There is one wherein, in order to mount a flexible board on a printed circuit board, the flexible board is bent downward of an LCD near a connecting portion between the LCD and the flexible board so as to be folded double, thereby mounting the flexible board between an LCD frame and the printed circuit board.
A flexible board in prior art 1 comprises an elongated base board, a plurality of wiring patterns formed on the base board, and a plurality of reinforcing portions formed on the base board. The plurality of reinforcing portions are disposed so as to extend in a longitudinal direction of the base board. Part of the wiring patterns are formed at positions offset from the respective reinforcing portions in a width direction of the base board.
Since a portion of the base board where the reinforcing portion is formed is more reluctant to bend than a portion where the reinforcing portion is not formed, bending stress is concentrated at the portion where the reinforcing portion is not formed. Part of the wiring patterns are formed at positions offset from the reinforcing portions in an axial direction of the base board. When the base board is rolled up, since portions where at least part of the wiring patterns are formed are reluctant to bend due to the reinforcing portions, it is possible to prevent deformation of the wiring patterns [see, e.g. Republished Patent International Publication No. WO0054324 (patent document 1)].
On the other hand, in prior art 2, there is a portable telephone LCD holding structure comprising an LCD, a printed circuit board mounted with various electrical circuits, a flexible board having an LCD drive circuit and mounted on the printed circuit board so as to be electrically connected thereto through the LCD and a bending portion, and a frame member holding the LCD on its upper surface and supported by the printed circuit board, wherein assembling is made by folding the bending portion continuous with the flexible board so that the LCD, the frame member, the flexible board, and the printed circuit board are disposed in the order named from above [see, e.g. Japanese Patent No. 3110408 (patent document 2)].
Further, in prior art 3, there is a multilayer wiring board comprising a flexible bending portion, wiring layers forming the bending portion, and a flat portion having more wiring layers than the bending portion, wherein a boundary portion is provided between the flat portion and the bending portion, in which the number of wiring layers is reduced stepwise as compared with the flat portion.
In this multilayer wiring board, stress concentration is relaxed at the boundary portion between the flat portion and the bending portion of the wiring board having the bending portion, thereby preventing failure such as breakage of the board or cutting of wiring patterns [see, e.g. Japanese Unexamined Patent Application Publication No. 2000-223835 (patent document 3)].
However, in prior art 1 or 2, since a technique is adopted to improve bending resistance by performing additional processing such as shaving thinly the portion subjected to bending to increase flexibility and unifying a reinforcing plate, the additional processing is required to cause an increase in cost.

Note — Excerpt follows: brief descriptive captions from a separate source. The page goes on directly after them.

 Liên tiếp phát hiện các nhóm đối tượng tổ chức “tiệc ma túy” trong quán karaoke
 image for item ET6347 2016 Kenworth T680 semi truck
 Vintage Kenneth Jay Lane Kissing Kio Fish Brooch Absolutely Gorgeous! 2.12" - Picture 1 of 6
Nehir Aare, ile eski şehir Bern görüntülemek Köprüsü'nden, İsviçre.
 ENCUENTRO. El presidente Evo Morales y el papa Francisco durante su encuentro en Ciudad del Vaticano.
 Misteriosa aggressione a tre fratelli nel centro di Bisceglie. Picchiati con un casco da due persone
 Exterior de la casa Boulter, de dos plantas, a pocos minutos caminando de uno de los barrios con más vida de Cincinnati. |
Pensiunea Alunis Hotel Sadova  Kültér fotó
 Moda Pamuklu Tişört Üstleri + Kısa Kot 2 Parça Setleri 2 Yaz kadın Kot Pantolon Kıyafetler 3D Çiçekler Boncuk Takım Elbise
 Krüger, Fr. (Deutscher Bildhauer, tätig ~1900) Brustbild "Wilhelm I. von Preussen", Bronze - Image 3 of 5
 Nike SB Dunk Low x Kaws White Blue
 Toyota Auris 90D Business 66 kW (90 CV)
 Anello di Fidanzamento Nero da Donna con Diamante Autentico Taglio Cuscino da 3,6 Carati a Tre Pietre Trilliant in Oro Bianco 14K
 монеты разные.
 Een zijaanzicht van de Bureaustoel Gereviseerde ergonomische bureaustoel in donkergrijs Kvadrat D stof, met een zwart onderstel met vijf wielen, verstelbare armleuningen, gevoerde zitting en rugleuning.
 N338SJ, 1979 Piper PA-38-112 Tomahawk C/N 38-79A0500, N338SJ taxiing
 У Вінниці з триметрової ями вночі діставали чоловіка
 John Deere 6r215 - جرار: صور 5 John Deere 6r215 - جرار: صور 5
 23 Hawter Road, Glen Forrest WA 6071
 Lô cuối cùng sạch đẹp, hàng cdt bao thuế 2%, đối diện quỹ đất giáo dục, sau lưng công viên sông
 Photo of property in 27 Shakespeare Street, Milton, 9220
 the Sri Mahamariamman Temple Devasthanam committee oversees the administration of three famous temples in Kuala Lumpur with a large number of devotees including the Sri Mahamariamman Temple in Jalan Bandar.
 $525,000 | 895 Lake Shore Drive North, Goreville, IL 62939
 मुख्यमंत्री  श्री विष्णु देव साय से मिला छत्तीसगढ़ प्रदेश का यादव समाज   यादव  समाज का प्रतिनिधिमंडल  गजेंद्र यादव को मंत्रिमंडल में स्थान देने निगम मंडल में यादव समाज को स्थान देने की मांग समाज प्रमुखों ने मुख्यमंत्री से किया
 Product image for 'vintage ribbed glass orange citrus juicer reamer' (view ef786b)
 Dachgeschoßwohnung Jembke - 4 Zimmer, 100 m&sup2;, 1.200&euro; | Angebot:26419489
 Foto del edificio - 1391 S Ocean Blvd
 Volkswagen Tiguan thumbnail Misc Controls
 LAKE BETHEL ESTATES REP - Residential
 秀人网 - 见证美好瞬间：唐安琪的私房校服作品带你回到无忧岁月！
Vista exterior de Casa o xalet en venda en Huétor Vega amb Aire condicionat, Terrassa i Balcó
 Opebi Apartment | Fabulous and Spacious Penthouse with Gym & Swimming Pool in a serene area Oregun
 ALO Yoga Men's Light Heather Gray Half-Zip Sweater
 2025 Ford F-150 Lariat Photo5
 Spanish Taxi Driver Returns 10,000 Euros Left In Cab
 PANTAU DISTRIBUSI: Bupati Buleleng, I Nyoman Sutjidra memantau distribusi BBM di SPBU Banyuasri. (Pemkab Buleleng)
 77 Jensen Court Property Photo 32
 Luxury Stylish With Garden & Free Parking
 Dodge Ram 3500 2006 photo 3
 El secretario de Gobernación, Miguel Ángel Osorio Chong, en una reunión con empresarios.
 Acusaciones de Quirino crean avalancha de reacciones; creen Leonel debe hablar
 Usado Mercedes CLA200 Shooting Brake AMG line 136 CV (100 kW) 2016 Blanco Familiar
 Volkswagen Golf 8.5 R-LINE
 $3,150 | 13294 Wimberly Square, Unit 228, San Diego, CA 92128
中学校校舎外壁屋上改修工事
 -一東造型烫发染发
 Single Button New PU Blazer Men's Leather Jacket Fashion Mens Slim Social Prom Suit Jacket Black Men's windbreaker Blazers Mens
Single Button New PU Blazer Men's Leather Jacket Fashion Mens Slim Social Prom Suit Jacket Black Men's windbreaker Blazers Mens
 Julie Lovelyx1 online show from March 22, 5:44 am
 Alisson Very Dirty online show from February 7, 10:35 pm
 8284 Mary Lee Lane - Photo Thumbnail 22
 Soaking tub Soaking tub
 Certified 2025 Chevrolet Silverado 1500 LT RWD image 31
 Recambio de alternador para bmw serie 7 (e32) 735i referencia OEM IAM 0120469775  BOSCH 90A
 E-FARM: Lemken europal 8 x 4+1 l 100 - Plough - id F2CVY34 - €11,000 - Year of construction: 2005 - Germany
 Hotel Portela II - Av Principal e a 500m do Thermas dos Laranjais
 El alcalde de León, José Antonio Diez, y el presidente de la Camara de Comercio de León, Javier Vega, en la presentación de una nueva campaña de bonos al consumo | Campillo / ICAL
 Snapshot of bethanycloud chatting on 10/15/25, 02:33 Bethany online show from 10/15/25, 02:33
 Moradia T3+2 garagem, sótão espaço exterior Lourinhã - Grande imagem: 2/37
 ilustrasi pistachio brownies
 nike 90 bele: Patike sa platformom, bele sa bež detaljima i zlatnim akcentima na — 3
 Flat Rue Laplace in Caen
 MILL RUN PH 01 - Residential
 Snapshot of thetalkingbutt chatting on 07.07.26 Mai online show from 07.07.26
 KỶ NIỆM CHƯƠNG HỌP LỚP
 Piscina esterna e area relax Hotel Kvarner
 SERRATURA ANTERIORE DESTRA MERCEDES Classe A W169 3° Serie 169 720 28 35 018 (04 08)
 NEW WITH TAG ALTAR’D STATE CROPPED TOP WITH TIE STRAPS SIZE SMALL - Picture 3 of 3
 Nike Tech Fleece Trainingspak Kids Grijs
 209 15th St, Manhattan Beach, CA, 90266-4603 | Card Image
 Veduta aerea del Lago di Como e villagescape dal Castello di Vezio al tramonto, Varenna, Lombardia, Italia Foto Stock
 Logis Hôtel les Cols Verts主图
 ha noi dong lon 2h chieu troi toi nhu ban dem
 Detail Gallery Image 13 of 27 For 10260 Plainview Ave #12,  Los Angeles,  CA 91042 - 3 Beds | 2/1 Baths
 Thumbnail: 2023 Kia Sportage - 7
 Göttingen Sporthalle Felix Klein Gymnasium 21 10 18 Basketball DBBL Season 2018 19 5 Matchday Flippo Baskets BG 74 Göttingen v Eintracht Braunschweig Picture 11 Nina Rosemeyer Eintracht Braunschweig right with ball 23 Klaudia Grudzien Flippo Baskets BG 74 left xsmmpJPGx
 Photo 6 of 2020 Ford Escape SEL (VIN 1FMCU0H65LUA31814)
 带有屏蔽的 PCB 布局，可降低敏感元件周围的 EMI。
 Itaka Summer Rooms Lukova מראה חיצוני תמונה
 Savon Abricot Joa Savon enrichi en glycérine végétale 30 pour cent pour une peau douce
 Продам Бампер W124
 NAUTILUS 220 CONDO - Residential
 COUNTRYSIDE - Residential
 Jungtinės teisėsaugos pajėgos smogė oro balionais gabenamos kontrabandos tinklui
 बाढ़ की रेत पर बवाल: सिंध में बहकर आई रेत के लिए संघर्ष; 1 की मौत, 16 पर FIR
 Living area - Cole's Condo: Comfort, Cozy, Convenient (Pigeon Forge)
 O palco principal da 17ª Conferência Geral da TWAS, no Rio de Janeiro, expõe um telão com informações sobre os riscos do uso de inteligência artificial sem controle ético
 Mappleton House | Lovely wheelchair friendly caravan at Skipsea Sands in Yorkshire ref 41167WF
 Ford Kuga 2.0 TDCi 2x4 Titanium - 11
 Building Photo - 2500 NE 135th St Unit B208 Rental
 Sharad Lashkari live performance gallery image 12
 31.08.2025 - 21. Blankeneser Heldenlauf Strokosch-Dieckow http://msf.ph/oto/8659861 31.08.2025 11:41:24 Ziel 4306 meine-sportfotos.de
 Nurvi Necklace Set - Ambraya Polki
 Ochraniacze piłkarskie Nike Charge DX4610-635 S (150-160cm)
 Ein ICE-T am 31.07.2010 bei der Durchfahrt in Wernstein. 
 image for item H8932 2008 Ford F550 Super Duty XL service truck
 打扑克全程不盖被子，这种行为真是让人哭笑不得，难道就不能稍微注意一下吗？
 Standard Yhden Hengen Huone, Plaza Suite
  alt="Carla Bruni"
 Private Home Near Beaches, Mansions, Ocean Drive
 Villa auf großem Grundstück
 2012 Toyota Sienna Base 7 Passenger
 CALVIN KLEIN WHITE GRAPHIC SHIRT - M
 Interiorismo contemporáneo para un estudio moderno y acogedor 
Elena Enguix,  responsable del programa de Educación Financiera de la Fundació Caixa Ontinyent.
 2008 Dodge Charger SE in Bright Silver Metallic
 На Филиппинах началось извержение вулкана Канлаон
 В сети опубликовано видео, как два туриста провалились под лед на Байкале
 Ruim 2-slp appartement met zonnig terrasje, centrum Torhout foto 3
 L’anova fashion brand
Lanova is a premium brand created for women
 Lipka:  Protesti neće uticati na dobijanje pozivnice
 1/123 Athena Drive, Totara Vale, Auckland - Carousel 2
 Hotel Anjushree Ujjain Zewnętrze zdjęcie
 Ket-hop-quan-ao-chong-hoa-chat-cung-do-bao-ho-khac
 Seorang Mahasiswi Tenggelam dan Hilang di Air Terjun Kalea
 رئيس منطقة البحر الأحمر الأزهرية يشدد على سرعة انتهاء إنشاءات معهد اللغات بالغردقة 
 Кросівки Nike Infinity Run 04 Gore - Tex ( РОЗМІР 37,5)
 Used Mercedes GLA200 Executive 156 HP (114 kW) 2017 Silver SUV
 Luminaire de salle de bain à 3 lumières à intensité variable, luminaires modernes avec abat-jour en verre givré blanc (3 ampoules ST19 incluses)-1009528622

Further, there is a problem that sufficient resistance cannot be obtained even by taking such a measure.
As a cause therefor, there is a problem in terms of a material such that use is made of copper having high conductivity as a metal for use and the copper has a narrow elastic range and easily gives rise to stress movement in repetitive bending.
Further, in prior art 1 or 2, there is a problem that since it is difficult to accurately dispose wiring due to processing variation, the resistance is reduced due to subjection to stress.
Generally, a base material provided with a wiring pattern is often a polyimide resin and therefore the intrinsic problem has not been solved that since the polyimide resin is a hard resin having elasticity, stress concentration is liable to occur so that the resistance is degraded due to buckling or excessive deformation caused by bending.
Further, in prior art 3, a base material provided with the wiring patterns is a polyimide resin and additional processing is required.
It is therefore an object of this invention to provide an electrical connection component that can improve the bending resistance.